A Polish woman who originally came to the UK as a victim of trafficking has failed in an attempt to be recognised as entitled to housing under the homelessness legislation.

Lord Boyd of Duncansby in the Court of Session held that the woman, referred to as GO, had not established that she was a jobseeker and therefore a qualified person, where she had not worked due to mental health issues and an inability to speak English.

GO had arrived in the UK with her son in late 2014, in circumstances accepted as amounting to trafficking. After seeking help they were provided with housing and the son obtained work, but he lost his job and they accrued rent arrears which resulted in a decree for eviction.

Medical reports attributed her mental health issues to her experience in being trafficked. She did not wish to return to Poland, believing she had no meaningful future there, but her GP observed that that might be the best course of action as she had the potential support of family and friends and was able to speak the language.

It was argued for GO that article 4 of the ECHR included a right for victims of trafficking to accommodation; and further that she has a right to reside in the UK as an EU citizen and was entitled to access social provision including homelessness accommodation.

On the first point Lord Boyd ruled that once a victim of trafficking had been removed from the situation of slavery or servitude, the state’s principal obligation towards them was to identify and if possible bring to justice the perpetrator or perpetrators. That may mean certain support to the victim, but where there had been no breach of the state’s obligations under article 4, "in the absence of legislation the court should be wary about extending such an obligation beyond the immediate aftermath of the victim’s removal from their situation".

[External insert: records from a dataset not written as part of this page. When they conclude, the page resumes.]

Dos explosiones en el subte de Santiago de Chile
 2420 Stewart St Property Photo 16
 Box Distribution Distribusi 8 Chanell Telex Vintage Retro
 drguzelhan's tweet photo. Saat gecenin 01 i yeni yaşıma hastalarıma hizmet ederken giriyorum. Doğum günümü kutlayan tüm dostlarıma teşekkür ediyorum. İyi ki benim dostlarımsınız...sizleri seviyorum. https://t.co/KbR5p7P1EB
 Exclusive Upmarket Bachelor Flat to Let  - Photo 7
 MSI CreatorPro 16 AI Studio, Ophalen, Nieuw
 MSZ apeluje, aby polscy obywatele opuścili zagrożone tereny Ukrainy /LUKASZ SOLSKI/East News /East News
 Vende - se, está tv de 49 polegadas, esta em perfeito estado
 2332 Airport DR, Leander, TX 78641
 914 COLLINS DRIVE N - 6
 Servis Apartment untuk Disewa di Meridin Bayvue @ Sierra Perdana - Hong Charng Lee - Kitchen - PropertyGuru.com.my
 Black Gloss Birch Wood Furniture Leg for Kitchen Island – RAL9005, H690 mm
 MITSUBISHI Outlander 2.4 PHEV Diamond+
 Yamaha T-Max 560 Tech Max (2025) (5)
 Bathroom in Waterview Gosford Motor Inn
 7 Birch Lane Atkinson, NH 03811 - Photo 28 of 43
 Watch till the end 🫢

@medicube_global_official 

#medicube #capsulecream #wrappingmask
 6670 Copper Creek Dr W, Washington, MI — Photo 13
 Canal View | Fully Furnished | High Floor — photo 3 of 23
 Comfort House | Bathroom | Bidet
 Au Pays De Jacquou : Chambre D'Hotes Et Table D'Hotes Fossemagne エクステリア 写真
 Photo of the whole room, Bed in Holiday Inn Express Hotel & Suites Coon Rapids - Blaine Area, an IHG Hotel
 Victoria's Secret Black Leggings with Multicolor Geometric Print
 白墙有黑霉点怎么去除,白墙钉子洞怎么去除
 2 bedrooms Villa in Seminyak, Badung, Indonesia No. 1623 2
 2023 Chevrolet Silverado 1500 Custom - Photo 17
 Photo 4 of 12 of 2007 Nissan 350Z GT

He added: "Any obligation that the State may have to the petitioner cannot be open-ended. There is nothing now to prevent the petitioner returning to her own country. The provision of housing will not in itself address the issue of the petitioner’s mental health. Given the fact that the petitioner does not speak English the provision of mental health services to her remains problematic. The observation from Dr MacLeod that the best course of action would be for her to return home where she would have the support of friends and family and is able to speak the language is not supportive of the petitioner’s position. In the face of these problems it is difficult to see how any obligation on the state arising out of article 4 ECHR could be stretched to encompass a seemingly indefinite obligation to provide the petitioner with housing."

Regarding EU law, the judge agreed with the local authority that homelessness assistance was social assistance for the purposes of the relevant directive. Further, GO could only reside in this country if she was a qualified person, which depended on her having a genuine chance of being engaged in work and she could not remain longer than 91 days unless she could show compelling evidence that she was continuing to seek employment and had a genuine chance of being engaged. Such evidence as was before the council "fell far short of compelling evidence that she had a genuine chance of being engaged".

Nor did she fulfil the criteria for "worker" in terms of the directive. There was no evidence that she would be able to return to work in the near future, and even if it was legitimate to look for exceptional circumstances arising out of her having been trafficked, these did not exist where her son appeared not to be exercising residence rights, she was not economically active and there was no barrier to her returning to Poland where she could access support and services.